The Thanksgiving Miracle of Five Kernels of Corn

Bible and Holiday Dinner

Most of us learned about Thanksgiving in school. You know the drill. In 1620, the Pilgrims crossed the ocean blue and experienced a devastatingly harsh winter along the Massachusetts coast. About half of them perished. Spring finally arrived and a friendly Indian named Squanto helped the Pilgrims learn how to obtain food by stomping eels out of the mud and fertilizing corn with dead fish. The following fall, they celebrated an abundant harvest with a feast that became known as the first Thanksgiving. But there is more, much more. The string of miracles is nearly endless:

  • Many years before, the Separatists, later known as the Pilgrims, reached the breaking point of frustration and disappointment after enduring severe persecution by the Church of England. They “removed” to Leyden, Holland. After nearly a dozen years of severe adversity and personal toughening, it was time to leave. They came to believe the America was their “promised land.” They found their way back to England on the ship, Speedwell, prepared to join the Mayflower for the long difficult voyage to America. At Southhampton, their sponsors forcibly required them to accommodate 80 “strangers” who would later strain the best of interpersonal relationships. The Pilgrims numbers were reduced due to limited capacity on the ships. In July, 1620, they sailed west. In barely three days they had to return to England, because of structural problems with the masts on the Speedwell. Again, their numbers were reduced to stay within the carrying capacity of the Mayflower. God had sifted their numbers repeatedly. Only the hardiest of the hardy remained on the Mayflower for the epic journey.
  • Crossing the Atlantic Ocean, the Pilgrims endured “seven weeks of the hell of an ill-lighted, rolling, pitching, stinking inferno” as well as tormenting by the crew.
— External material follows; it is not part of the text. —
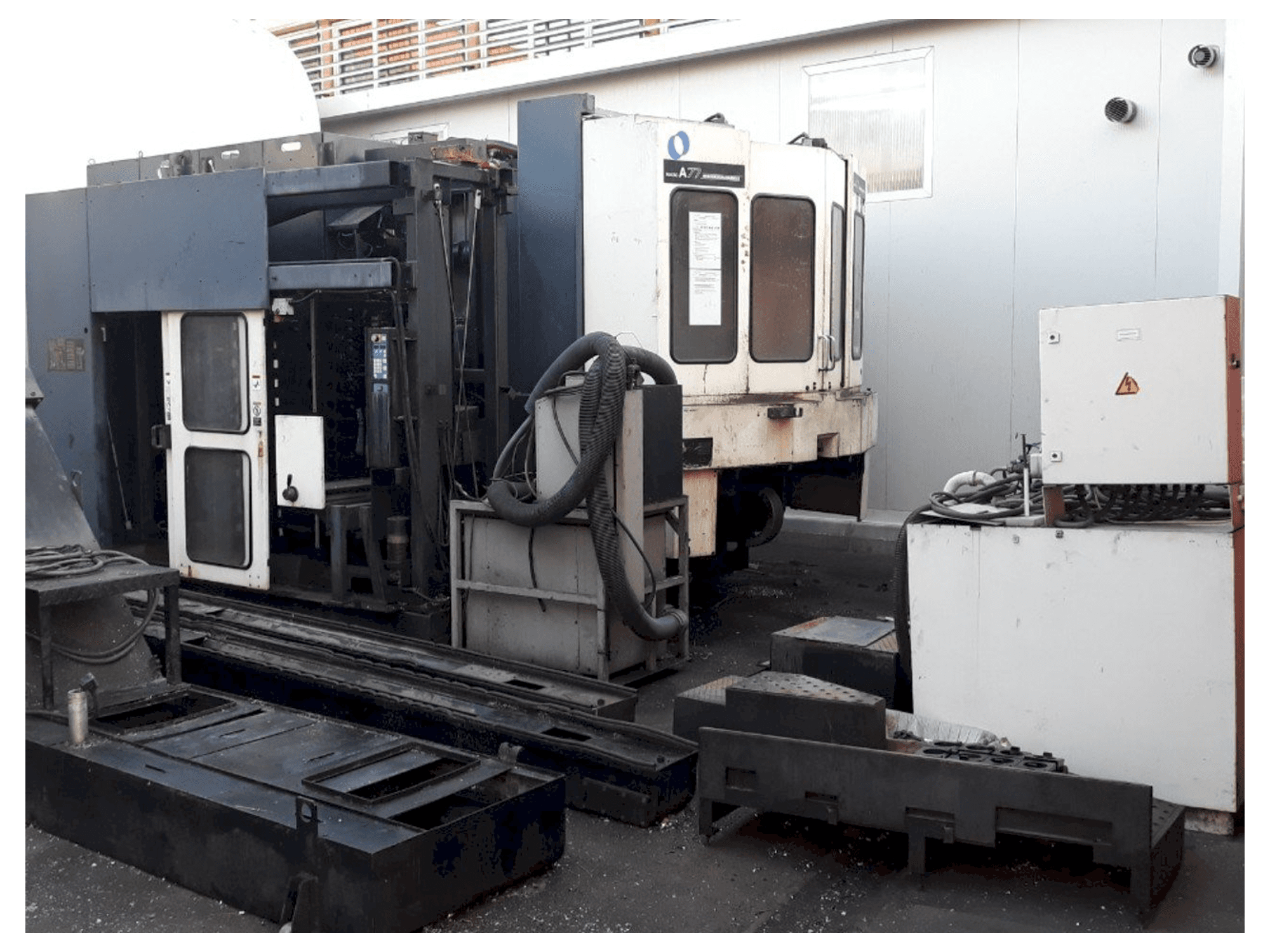 Vooraanzicht van Makino A77 machine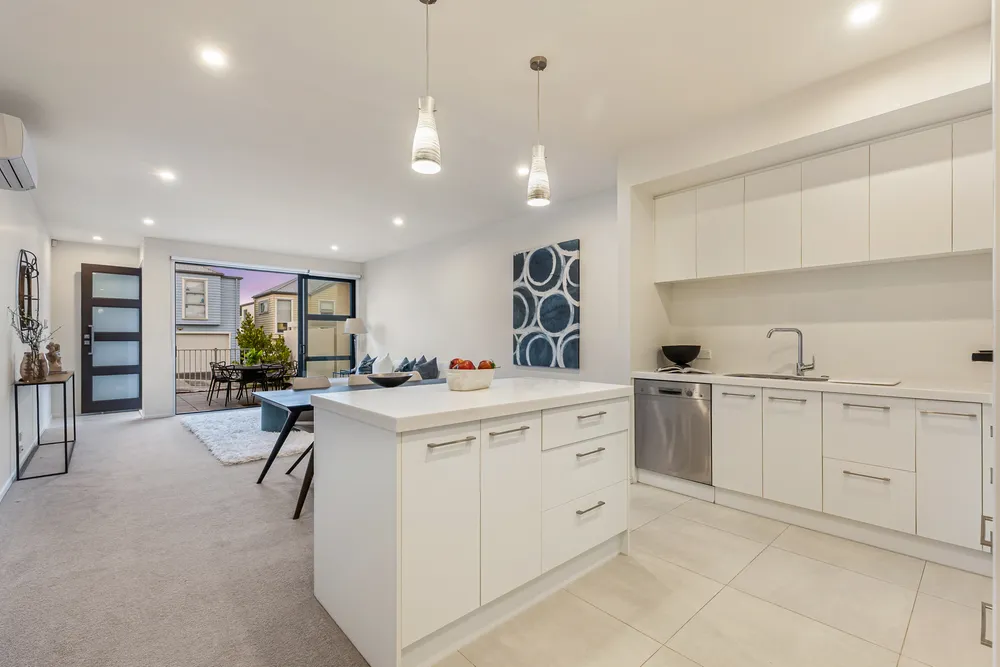 Photos of 6 Sapling Way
All manner of sins were brought to the surface, confessed, and forgiven. By the time they reached land, they were a spiritually cleansed and extremely close-knit group. Adversity does that.
  • Mid-way across the Atlantic, they experienced a life-threatening emergency. The immense cross-beam supporting the main mast was failing. They would likely be lost at sea. After intense prayer, William Brewster had a eureka moment. He recommended using the giant iron printing press screw to support the breaking beam. It worked! Even the skeptical sailors praised God along with the Pilgrims.
  • Just before landing at Plymouth in Massachusetts, they realized they were under no legal jurisdiction. To maintain order, they wrote and everyone signed the Mayflower Compact. The miracle and genius of the document is that it included many of the same principles later embodied in our founding documents.
  • Their landing site was protected by Cape Cod. The site was flat, cleared, and had four freshwater streams and even a cache of corn. How could that happen? The area was previously cleared and inhabited by the Patuxet Indians, one of the few tribes known to be extremely hostile. Years before the Pilgrims’ arrival, the tribe was wiped out by a plague. Other tribes avoided the area, fearing presence of evil spirits. It was a miracle site for the Pilgrims.
  • They finally set foot on land in mid-November, 1620.The first winter was extremely harsh and food was scarce. In January, the thatched roof of the Common House caught fire, a life-threatening emergency, due to their utter dependence on that building. Adversity inspired even more prayer and bound them together even tighter. By Spring, they had lost about half their number. Still the mortality rate was not nearly as high as in Jamestown, Virginia. The miracle was that half did survive.
  • In their most desperate hour into their camp walked a Christian, English-speaking Indian, a Patuxet no less. Yes, you read it right. He was the Squanto of our school days lessons. He was the only survivor of the plague that killed the rest of his tribe, because he was not there. In 1605, Squanto was one of four Indians taken captive and shipped to England, where they were taught English so they could be questioned. Squanto spent nine years in England. In 1614, he was returned to America by Captain John Smith (Yes, it is the same one you remember from the Pocohontas story hundreds of miles to the South.). But Squanto was quickly captured again, taken to Spain and sold as a slave. He was bought and feed by local friars who taught him the Christian faith. Upon his second return to America, Squanto was devastated to find that his entire tribe had succumbed to a plague. Alone and wandering through the woods, Squanto was discovered by Massasoit, chief of the Wampanoags. The wise chief recognized that the Pilgrims had a desperate need and the Squanto desperately needed to be needed. Massasoit sent Squanto, the Christian, English-speaking Indian to the Pilgrims. William Brewster would later call Squanto, “a special instrument sent of God for their good, beyond their expectation.” Squanto effectively became an earthly savior. He taught the Pilgrims how to survive in a harsh, rugged, untamed wilderness.
  • Following a bountiful harvest, they and about ninety Indians celebrated the feast that became known as the First Thanksgiving. The three-day celebration and the new arrivals from England consumed much of the provisions for the second winter.
  • By Spring, the food ration for each individual was down to an unimaginable five kernels of corn per day. Nevertheless, they survived again and enjoyed a bountiful harvest after the second summer.
  • When everyone approached the table for the Second Thanksgiving feast, they found a plate with just five kernels of corn as a reminder of God’s limitless grace even under the harshest of conditions.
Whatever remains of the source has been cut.